AD Agencies
Sharma takes the wheel as Omnicom and IPG merge their Indian media empires
MUMBAI:The media marriage is official, and India has its ringmaster. Kartik Sharma has been handed the keys to Omnicom Media India, the freshly minted behemoth born from the $30 bIillion merger of Omnicom and IPG—the deal that will create the world’s largest advertising and marketing colossus by revenue.
Sharma, who has steered Omnicom Media Group India since 2020, will now preside over the delicate task of fusing two sprawling media operations into a single, muscle-bound trading machine. His deputy? Amardeep Singh, elevated to chief operating officer. And keeping a watchful eye as strategic adviser: Shashi Sinha, the industry veteran who previously helmed IPG Mediabrands and is now tasked with steering the combined ship across India.
It’s a power trio with a Herculean to-do list. Sharma’s immediate brief: preserve marquee client mandates whilst stitching together disparate trading desks, measurement frameworks and identity infrastructure across linear TV, connected TV, over-the-top platforms and performance channels. The prize? Pooled buying clout in a softer gross rating point market, standardised brand-lift metrics for multinational clients, and a crack at lucrative retail media and commerce mandates.
The merger—announced in December 2024 with targeted cost synergies of around $750 million —has been hoovering up regulatory approvals through 2025 and is expected to close in the second half of the year. For India, the combined portfolio is a veritable smorgasbord: marquee media brands from both stables and a client roster spanning fast-moving consumer goods, automotive, technology, banking and e-commerce.
Industry watchers reckon the merged operation will run a unified profit-and-loss account with a common trading desk and conflict-management protocols for touchy categories. Legacy agency brands—OMD, PHD, Hearts and Science, UM, Initiative and Mediahub—will likely continue facing clients in the near term whilst back-end tech, analytics, finance and billing get quietly consolidated behind the scenes.
Execution risk? Plenty. Stitching together platforms, reconciling data taxonomies and aligning commercial terms is no small feat. But the scale story is compelling: a broader toolkit and more negotiating heft for clients, assuming the integration doesn’t implode mid-flight.
Globally, Omnicom has positioned the tie-up as creating the industry’s most innovative platform. In India, that ambition now rests squarely on Sharma’s shoulders. With regulatory sign-offs progressing and the deal on track to close later this year, attention will turn sharply to pitch outcomes, connected TV wins, retail-media conquests—and whether this newly assembled juggernaut can convert sheer scale into market-share gains.

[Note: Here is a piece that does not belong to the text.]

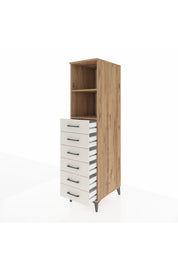 Kronos Dolap 2 Raflı 6 Çekmeceli 44x59x182 - S88M034V7C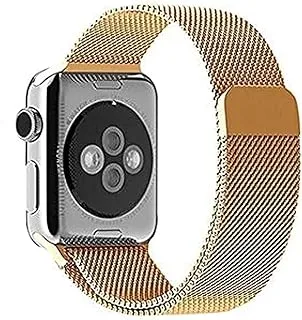 Generic Stainless Steel Mesh Loop Replacement Wrist Band strap for Apple Watch 42mm - Gold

Meanwhile, Sinha’s appointment extends beyond India. An internal memo from Tony Harradine, chief executive for Asia-Pacific, confirmed that Sinha will advise the combined Omnicom-IPG media unit across the entire region, lending his decades of nous to what promises to be a fiendishly complex integration.
The merger may be a done deal on paper, but the real test begins now: can Sharma & Co. turn two rival operations into one well-oiled machine—or will the wheels come off before the ink dries?